The Taiwan Institute of Economic Research (TIER, 台經院) yesterday released its monthly business climate survey, which showed that local industries have reservations about the outlook for the next six months, while other indicators showed that the economy is in stable recovery.
The survey found that only 20.1 percent of respondents were optimistic about the outlook in the next six months, down from 27.6 percent in September.
Meanwhile, about 63 percent of respondents held a reserved outlook for the same period, an increase from 46.1 percent in the previous month, while 17.2 percent thought it will get worse, down from 26.3 percent in September.
Last month’s business climate index for the manufacturing sector stood at 117.28, down by 1.26 points from September’s results, the survey found.

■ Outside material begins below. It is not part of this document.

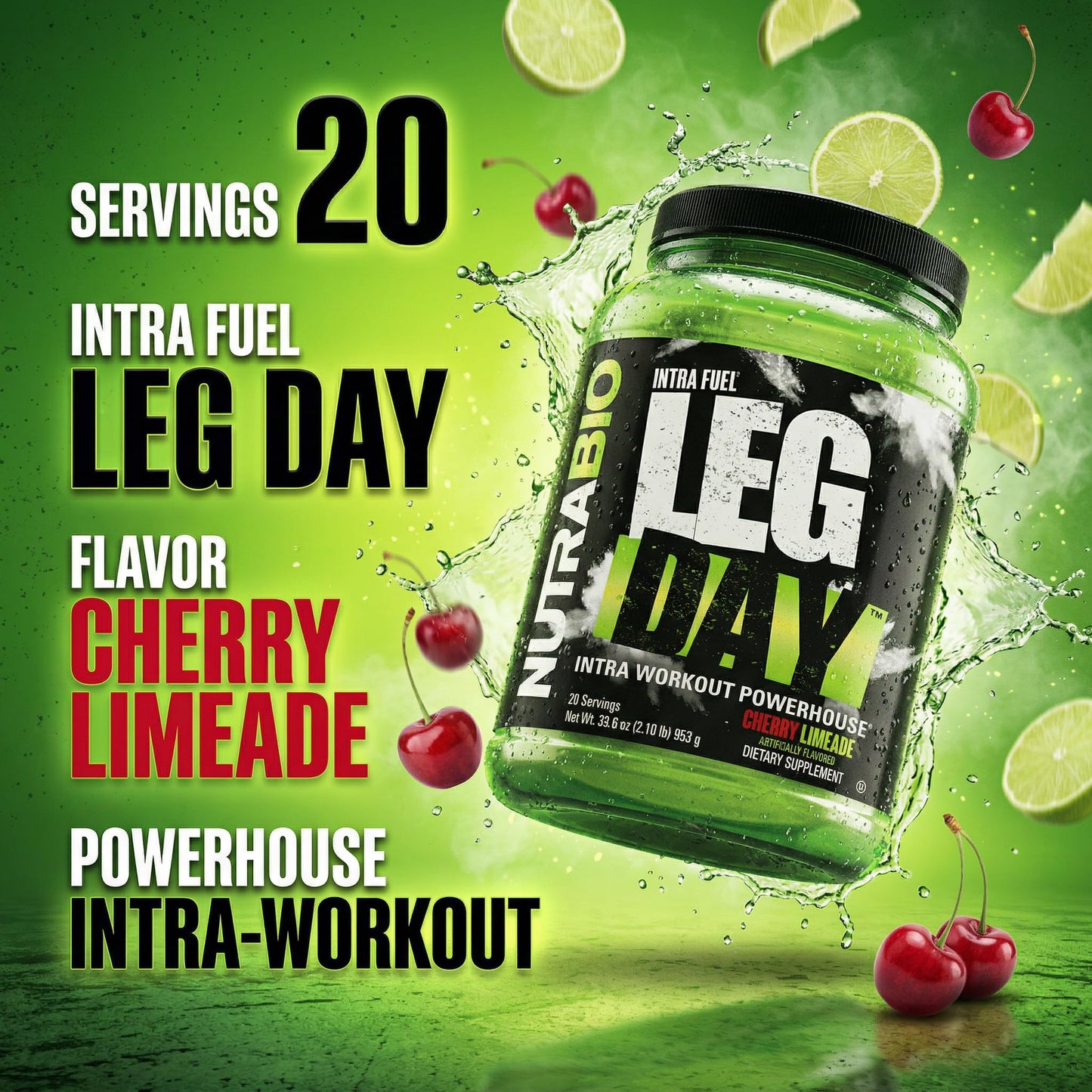 NutraBio Leg Day Intra Workout Powder 33.6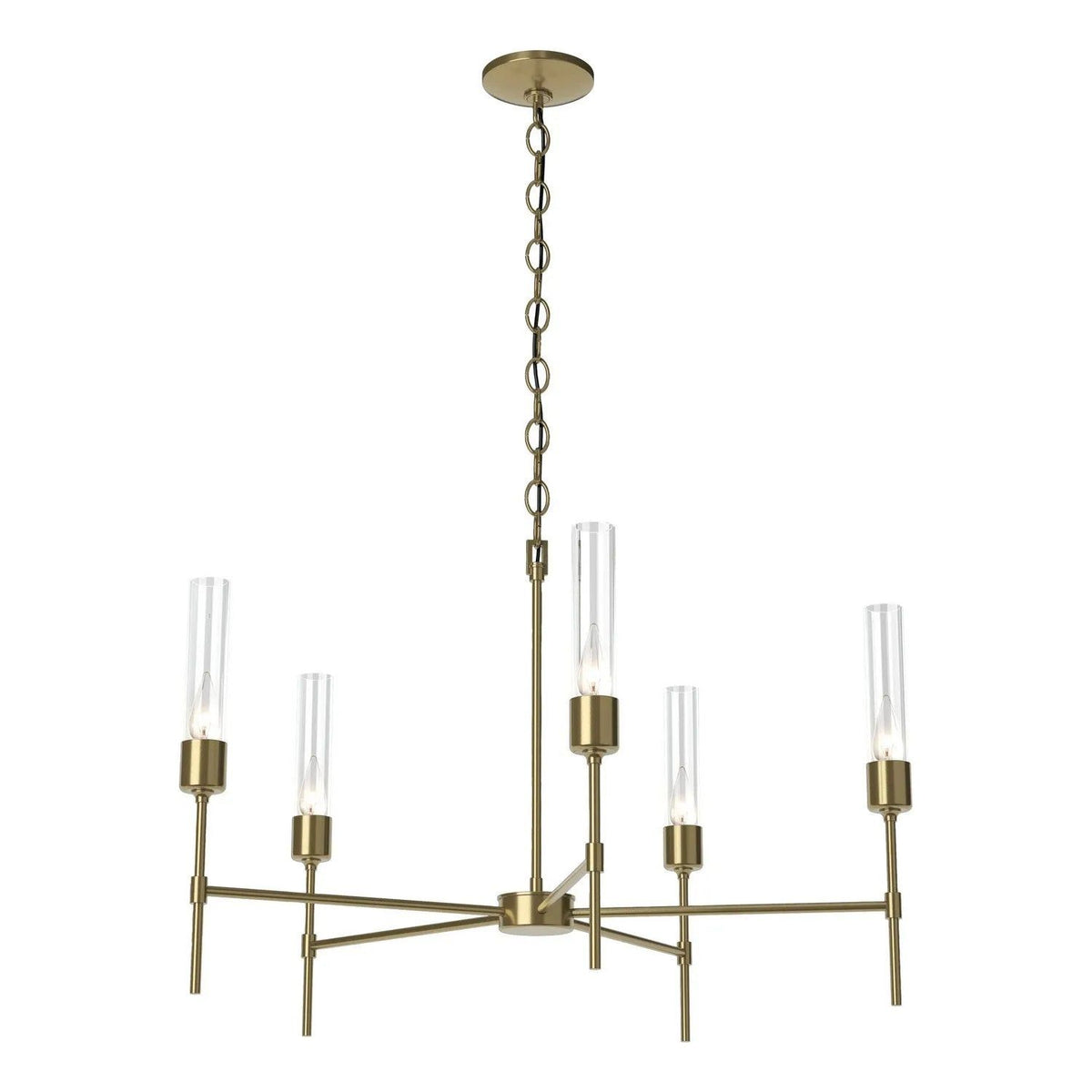 Hubbardton Forge - Vela Chandelier - 105045-SKT-86-ZM0611 | Montreal Lighting & Hardware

TIER said the manufacturing sector was rather reserved on the outlook for the next six months because of the depreciation of the US dollar, the rise in international prices of basic materials, the decline in revenues among petrochemical and coal products manufacturers, and the fact that businesses are entering their low season.
The same index for the service sector registered 119.87, down 2.26 points from the previous month, TIER said, which attributed the drop to profit decline in securities firms and telecommunications companies.
“Despite the slight decline in both indexes, the overall situation is still pretty good and the economy seems to be in stable recovery,” TIER president David Hong (洪德生) said.
The Taipei-based think tank said that business in wholesale and retail sectors was better last month than in September because of the economy’s gradual recovery from Typhoon Morakot as well as the launch of the traditional discount season in department stores, which stimulated consumption.